XP Holdouts Will Hold Back Progress

The web has been moving ahead quickly as vendors trip over each other to implement the latest standards such as HTML5. Firefox, Chrome, Opera, Safari, and even the upcoming Internet Explorer 9 have all pledged allegiance to the web. The future of the web looks bright, but I fear that the future will take a long time to arrive because of Windows XP.

Dave Methvin, Contributor

May 7, 2010

2 Min Read

The web has been moving ahead quickly as vendors trip over each other to implement the latest standards such as HTML5. Firefox, Chrome, Opera, Safari, and even the upcoming Internet Explorer 9 have all pledged allegiance to the web. The future of the web looks bright, but I fear that the future will take a long time to arrive because of Windows XP.Windows Vista had me clinging to XP on several systems until last year, when Windows 7 arrived. Microsoft did a great job on Windows 7 and it has deservedly started to gobble up market share. In fact, it has already matched Vista's share of the market in the short time since it was released.

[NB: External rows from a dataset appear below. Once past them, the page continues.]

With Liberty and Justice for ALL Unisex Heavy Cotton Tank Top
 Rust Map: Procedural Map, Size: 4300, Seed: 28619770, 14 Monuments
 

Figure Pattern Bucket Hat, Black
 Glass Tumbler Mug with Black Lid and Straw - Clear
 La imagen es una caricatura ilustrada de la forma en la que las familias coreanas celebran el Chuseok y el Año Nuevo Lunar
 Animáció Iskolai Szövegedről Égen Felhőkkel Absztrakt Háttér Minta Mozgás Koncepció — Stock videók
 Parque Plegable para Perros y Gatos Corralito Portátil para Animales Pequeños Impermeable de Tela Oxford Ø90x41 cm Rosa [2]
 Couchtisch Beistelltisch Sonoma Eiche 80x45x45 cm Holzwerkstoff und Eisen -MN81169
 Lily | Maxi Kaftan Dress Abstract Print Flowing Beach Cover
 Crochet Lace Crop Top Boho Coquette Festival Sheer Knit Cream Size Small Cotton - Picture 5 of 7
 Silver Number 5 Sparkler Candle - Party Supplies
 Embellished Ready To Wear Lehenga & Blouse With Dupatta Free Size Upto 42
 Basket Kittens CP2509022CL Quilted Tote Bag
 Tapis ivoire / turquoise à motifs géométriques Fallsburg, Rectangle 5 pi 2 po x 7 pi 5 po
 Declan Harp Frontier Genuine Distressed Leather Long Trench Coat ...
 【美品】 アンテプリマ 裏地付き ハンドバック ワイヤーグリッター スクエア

I'm glad I stayed with XP for so long, and even happier that Windows 7 delivered a worthy successor. Now that XP is coming up on a decade of service and nearing the sundown period of Microsoft support, it's time for everyone to consider a switch. Even if your company can't or won't move off XP, there is one thing you absolutely should upgrade: the web browser. Windows XP shipped with Internet Explorer 6, and unfortunately many businesses have let themselves become trapped in that 2001-era vision of the web. IE6 is not a modern browser, and it cannot deliver anything close to a good experience on the 2010-era web.

XP holdouts that have stuck with IE6 will be faced with a tough decision if they decide to upgrade just the web browser. Microsoft has made it clear that the company does not intend to support XP in Internet Explorer 9, supposedly because it needs advanced graphics technologies only available in Vista and Windows 7. Yet other browser makers have delivered their products on XP, and those products usually perform better than Microsoft's browser. Perhaps IE9 will truly outperform the competition, but it's not quite fair to compare the early IE9 beta to the shipping and stable products already available from others.

The bottom line comes down to this: if your company plans to stay with XP well into 2011 and you're still using IE6, you've got to upgrade that browser. Knowing that IE9 won't support XP, you can safely move to IE8 knowing it's the end of the line for IE on XP. Or, you can move to Firefox, Chrome, Safari, or Opera -- but a company that's still stuck on IE6 isn't likely to be that adventurous. The web developers of the world will be happy with anything that gets you off IE6.